--- Problem to solve ---
The entries that follow must be given again exactly, with no pictures kept.

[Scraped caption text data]
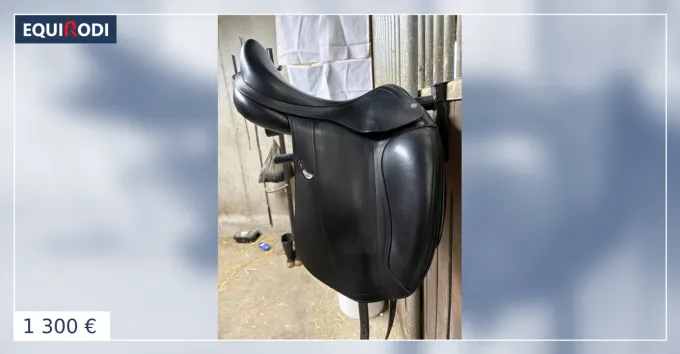 Selle dressage Equipe Emporio Achat Immdiat
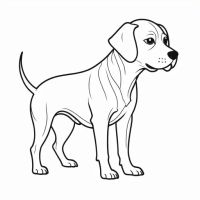 Desenhos para colorir Cachorros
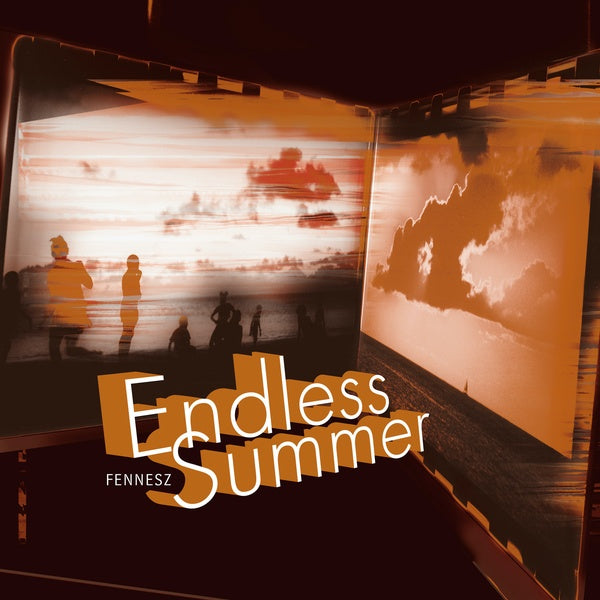 Endless Summer Vinyl Record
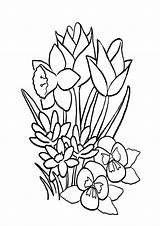 Coloring Pages Jasmine Flower Printable sketch template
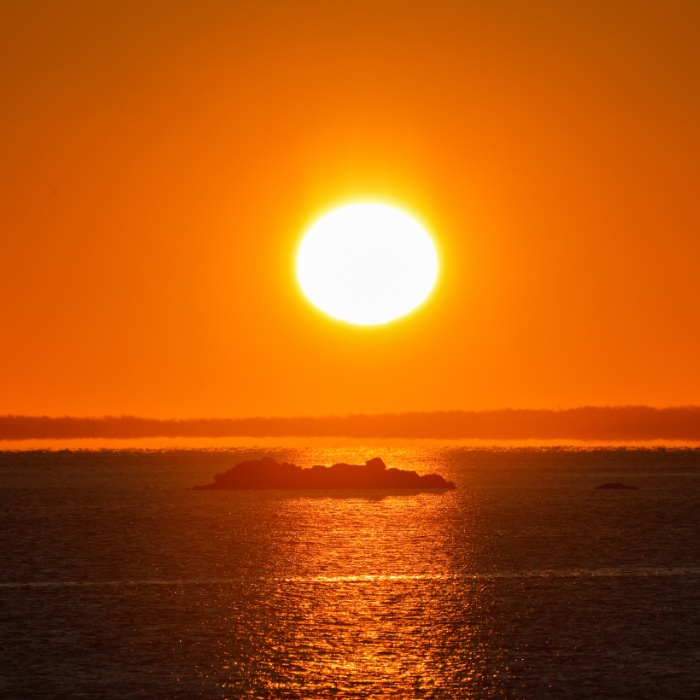 아들_남자아이_태몽_종류_해석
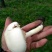 野生菌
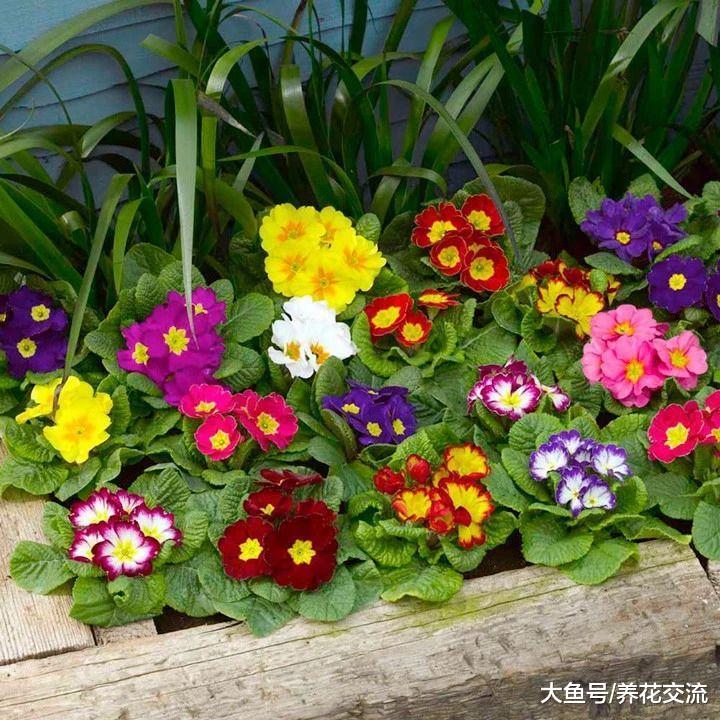 适合种在树荫下的报春花, 为啥养了几年不开花?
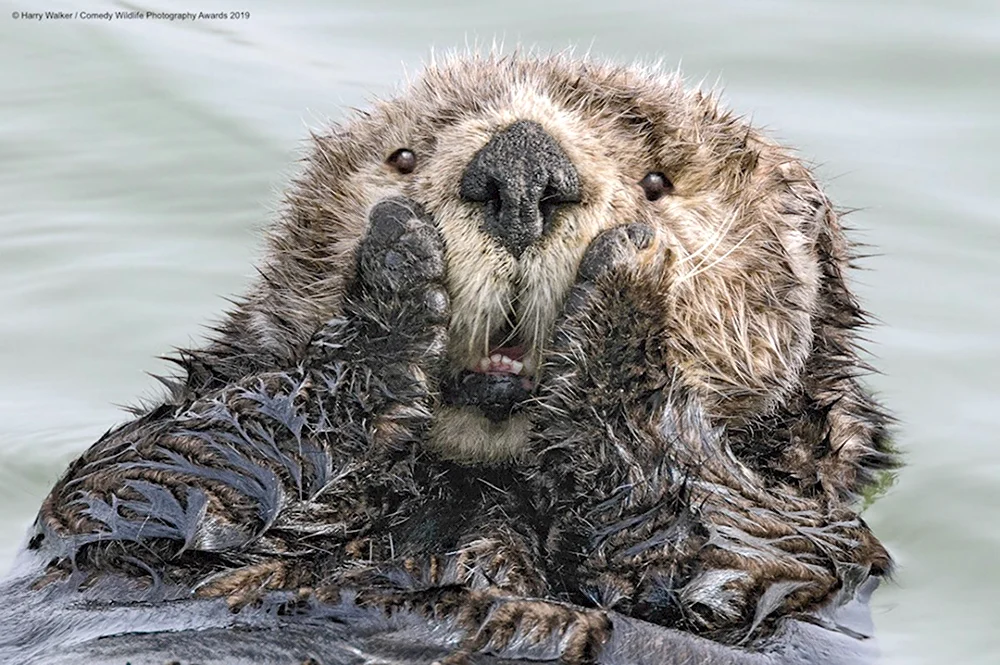 Финалисты конкурса comedy Wildlife Photography Awards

--- Output below ---
 Selle dressage Equipe Emporio Achat Immdiat
 Desenhos para colorir Cachorros
 Endless Summer Vinyl Record
 Coloring Pages Jasmine Flower Printable sketch template
 아들_남자아이_태몽_종류_해석
 野生菌
 适合种在树荫下的报春花, 为啥养了几年不开花?
 Финалисты конкурса comedy Wildlife Photography Awards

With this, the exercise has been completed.